In August 2009, the European Patent Office (EPO) published a "notice concerning internet citations" to "[set] out the practice followed at the EPO when citing documents retrieved from the internet in both the European and the PCT procedure." The notice is not binding on the Boards of Appeal. Regarding the standard of proof, the notice reads:
"When an internet document is cited against an application or patent, the same facts are to be established as for any other piece of evidence, including standard paper publications ... This evaluation is made according to the principle of "free evaluation of evidence" ... That means that each piece of evidence is given appropriate weight according to its probative value, which is evaluated in view of the particular circumstances of each case. For assessing these circumstances, the balance of probabilities will be used as the standard of proof, as generally applied by the boards of appeal. According to this standard, it is not sufficient that the alleged fact (e.g. the publication date) is merely probable; the examining division must be convinced that it is correct. It does mean, however, that proof beyond reasonable doubt ("up to the hilt") of the alleged fact is not required."

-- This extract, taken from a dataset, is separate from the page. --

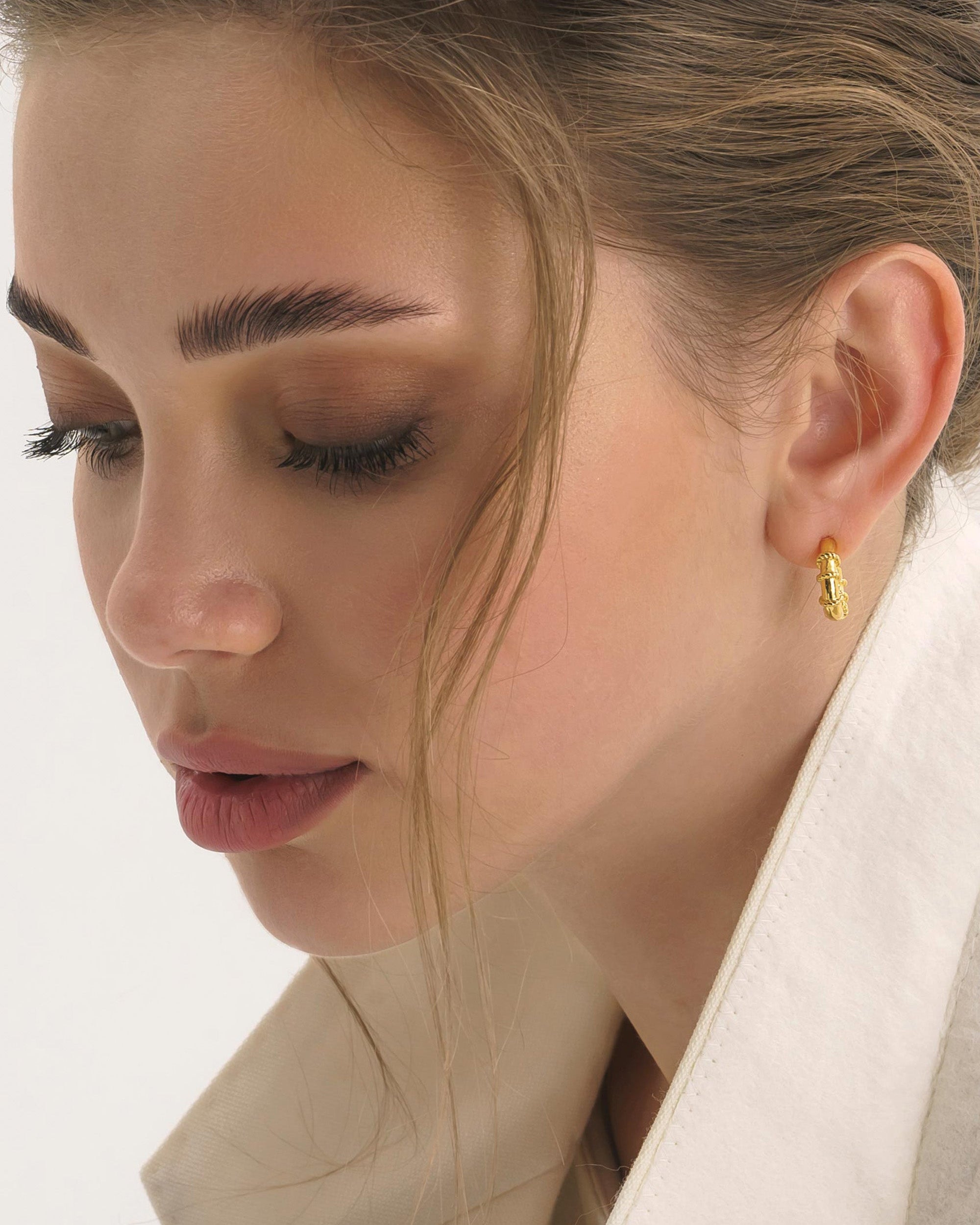 Chunky Gold Rope Huggie Hoop Earrings - Earrings - Elk & Bloom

In 2012, Board of Appeal 3.5.04 issued two decisions, namely T 1553/06 and T 2/09, on the issue of Internet disclosures. The two decisions originate from a contrived test case built by the parties, i.e. the patent proprietor and the opponent. In decision T 1553/06 (page 72), the Board proposed a test to decide whether a document stored on the World Wide Web has been made available to the public, whereas, in decision T2/09, the Board dealt with the alleged public availability of an email transmitted over the Internet.

The EPO Guidelines cite the Internet Archive as well as Wikipedia as possible and credible sources of prior art.

=== Germany ===
In 2002, "the Bundespatentgericht in case BPatG 17W (pat) 1/02 (see GRUR 2003 Heft 04, pp 323-325) confirmed in later BPatG 17W (pat) 47/00, ruled that the Internet was not a reliable source for determining the state of the art. This applied also to web archives such as the Internet
Archive."

===United States===
Internet publications can be relied on as printed publications and thus as prior art under United States patent law. The effective date of the publication will be determined by evidence, such a date of posting listed in the publication itself, or a date of archiving in the Internet Archive.

In August 2006, the United States Patent and Trademark Office (USPTO) ordered examiners to stop using Wikipedia as a source of information for determining the patentability of inventions. However, according to The Patent Librarian's Notebook's blog, examiners continue to cite it, and the number of United States patents issued in 2008 that cited Wikipedia articles nearly doubled to 477, compared to 2007. It increased to 809 citations in 2009.